HOW TO COMPLETE THIS TASK :: Copy the material below verbatim from the line with "在哪里股票配资 8月21日兴业转债下跌0.07%，转股溢价率41.5%" to the line with "Porter (1999) salienta", both lines included, omitting pictures and every line outside that range.
---------------
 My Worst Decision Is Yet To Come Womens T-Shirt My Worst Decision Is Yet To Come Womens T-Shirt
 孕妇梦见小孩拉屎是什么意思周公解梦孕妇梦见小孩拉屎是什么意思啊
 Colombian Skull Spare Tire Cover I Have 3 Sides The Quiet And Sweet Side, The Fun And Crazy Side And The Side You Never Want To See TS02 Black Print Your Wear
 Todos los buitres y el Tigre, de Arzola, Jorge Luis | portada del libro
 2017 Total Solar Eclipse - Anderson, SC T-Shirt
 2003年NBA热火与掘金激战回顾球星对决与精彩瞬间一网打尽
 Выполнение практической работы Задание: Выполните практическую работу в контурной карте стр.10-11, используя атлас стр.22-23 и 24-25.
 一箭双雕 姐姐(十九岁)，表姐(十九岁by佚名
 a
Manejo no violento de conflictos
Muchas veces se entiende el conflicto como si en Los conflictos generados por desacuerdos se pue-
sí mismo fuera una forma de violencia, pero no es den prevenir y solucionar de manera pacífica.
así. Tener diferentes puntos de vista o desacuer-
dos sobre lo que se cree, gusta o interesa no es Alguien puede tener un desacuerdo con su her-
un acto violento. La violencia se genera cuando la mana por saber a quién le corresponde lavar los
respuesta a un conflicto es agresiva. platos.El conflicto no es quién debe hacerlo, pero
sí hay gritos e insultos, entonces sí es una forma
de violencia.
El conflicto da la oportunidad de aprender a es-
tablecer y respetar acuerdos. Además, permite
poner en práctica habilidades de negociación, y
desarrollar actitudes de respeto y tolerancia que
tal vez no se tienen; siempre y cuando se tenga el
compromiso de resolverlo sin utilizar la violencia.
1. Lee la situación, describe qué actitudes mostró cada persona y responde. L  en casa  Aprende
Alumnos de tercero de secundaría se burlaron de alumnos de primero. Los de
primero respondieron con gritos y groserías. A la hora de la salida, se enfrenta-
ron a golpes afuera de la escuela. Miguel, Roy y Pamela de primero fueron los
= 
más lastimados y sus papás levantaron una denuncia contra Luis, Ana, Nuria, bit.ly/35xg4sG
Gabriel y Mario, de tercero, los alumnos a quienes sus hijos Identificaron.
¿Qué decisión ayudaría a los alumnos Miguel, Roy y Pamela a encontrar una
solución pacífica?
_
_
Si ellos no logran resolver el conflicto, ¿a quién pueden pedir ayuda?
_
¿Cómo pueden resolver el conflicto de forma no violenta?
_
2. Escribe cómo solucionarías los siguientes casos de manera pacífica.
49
---------------
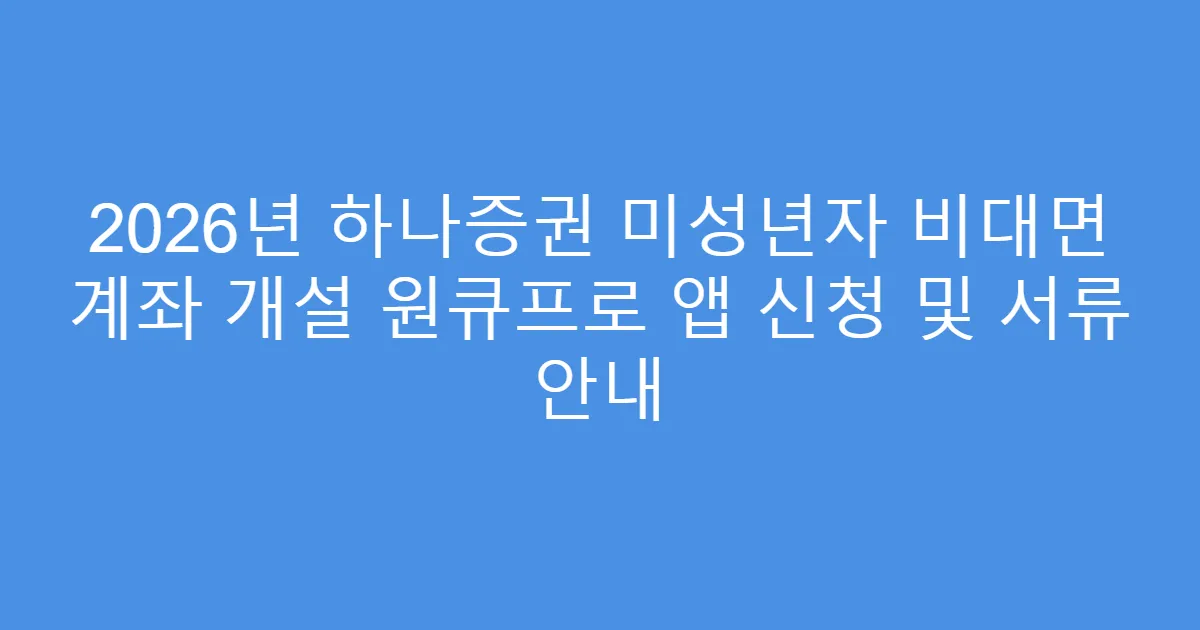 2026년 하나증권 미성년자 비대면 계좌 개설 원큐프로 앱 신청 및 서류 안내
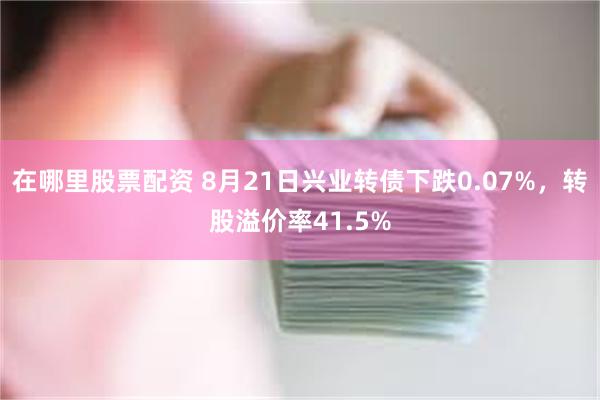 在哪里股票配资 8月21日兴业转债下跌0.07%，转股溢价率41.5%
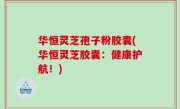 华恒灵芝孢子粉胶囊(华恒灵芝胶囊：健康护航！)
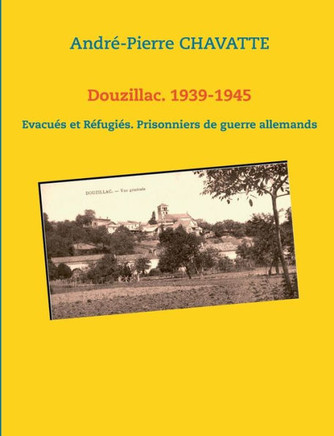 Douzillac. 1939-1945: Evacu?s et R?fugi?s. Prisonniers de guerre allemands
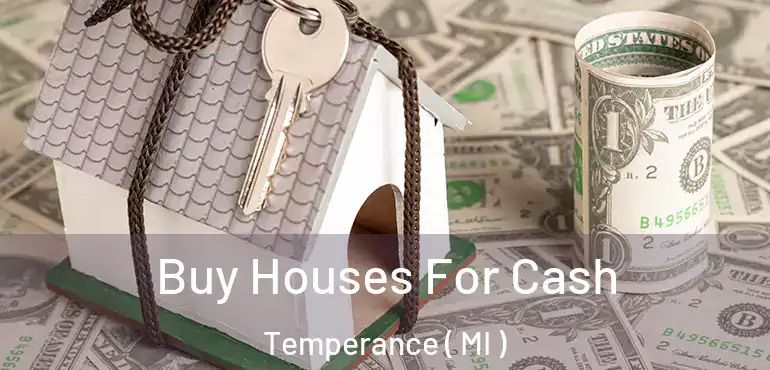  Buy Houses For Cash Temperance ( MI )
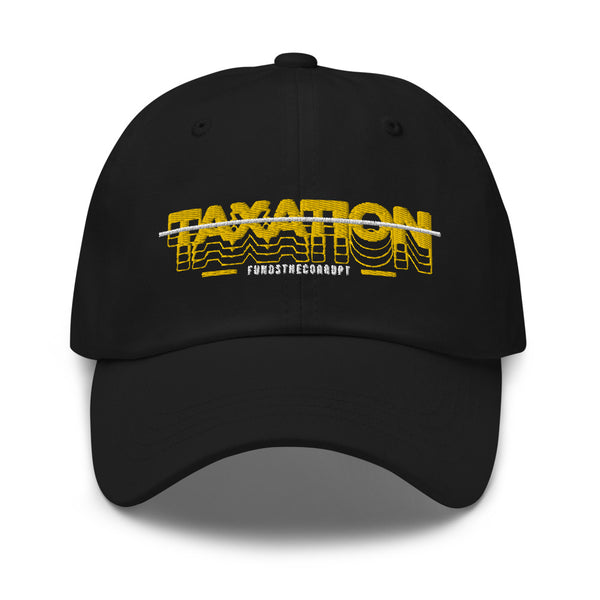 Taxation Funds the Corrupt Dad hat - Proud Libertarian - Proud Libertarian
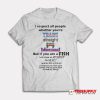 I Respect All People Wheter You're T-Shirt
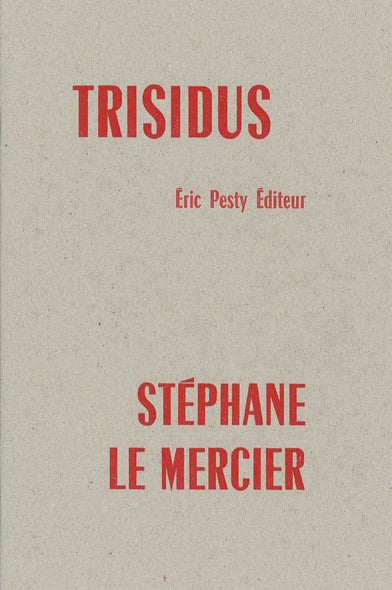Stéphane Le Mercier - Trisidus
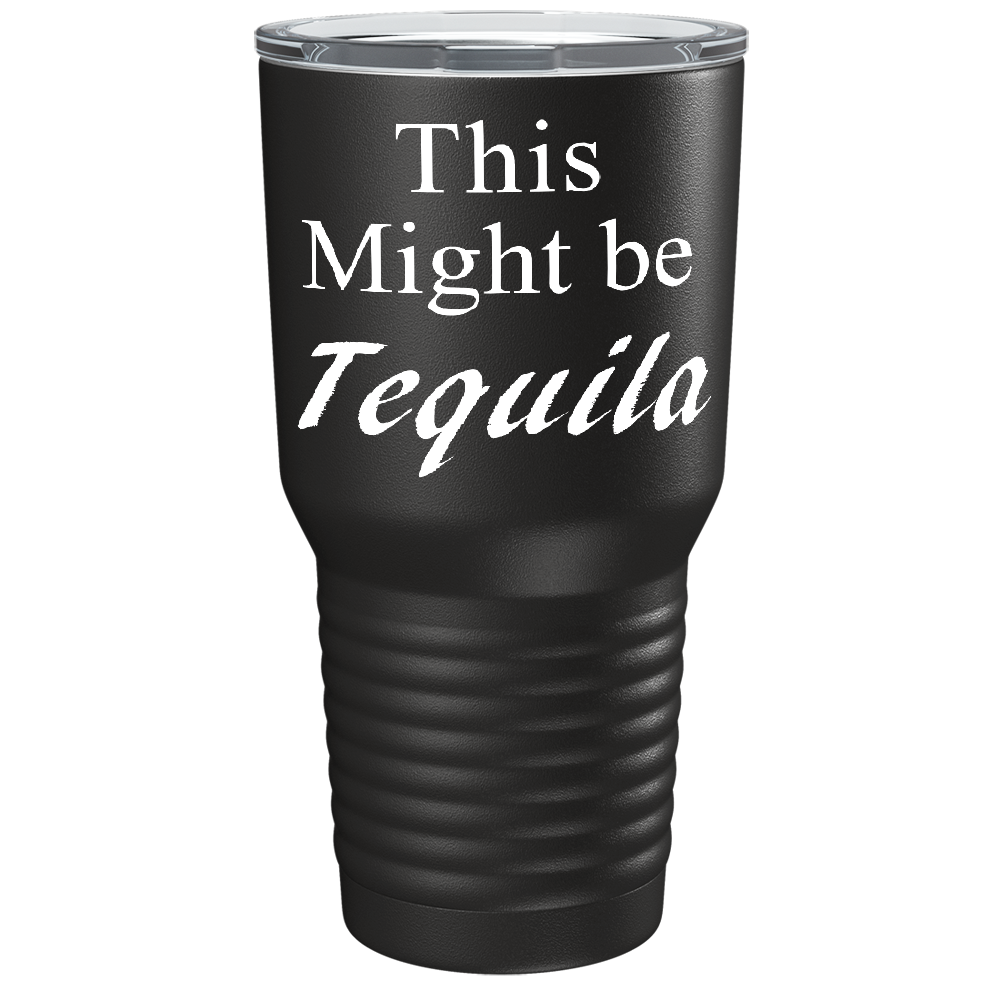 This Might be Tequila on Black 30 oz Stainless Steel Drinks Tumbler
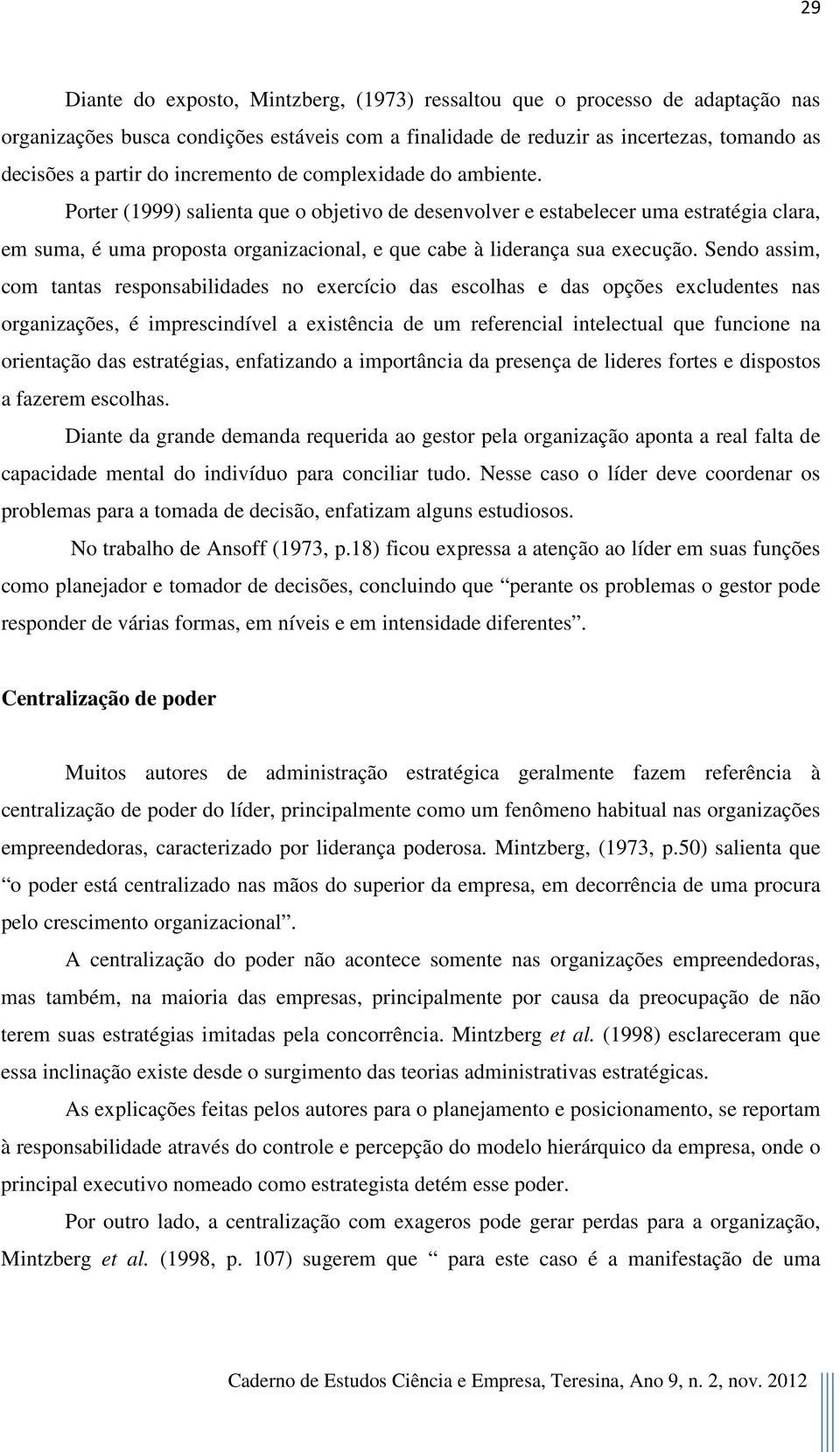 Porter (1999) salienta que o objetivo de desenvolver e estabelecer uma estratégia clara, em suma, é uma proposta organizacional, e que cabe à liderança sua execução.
---------------
PROBLEM SOLUTION ::
 在哪里股票配资 8月21日兴业转债下跌0.07%，转股溢价率41.5%
 华恒灵芝孢子粉胶囊(华恒灵芝胶囊：健康护航！)
 Douzillac. 1939-1945: Evacu?s et R?fugi?s. Prisonniers de guerre allemands
  Buy Houses For Cash Temperance ( MI )
 Taxation Funds the Corrupt Dad hat - Proud Libertarian - Proud Libertarian
 I Respect All People Wheter You're T-Shirt
Stéphane Le Mercier - Trisidus
 This Might be Tequila on Black 30 oz Stainless Steel Drinks Tumbler
 Porter (1999) salienta que o objetivo de desenvolver e estabelecer uma estratégia clara, em suma, é uma proposta organizacional, e que cabe à liderança sua execução.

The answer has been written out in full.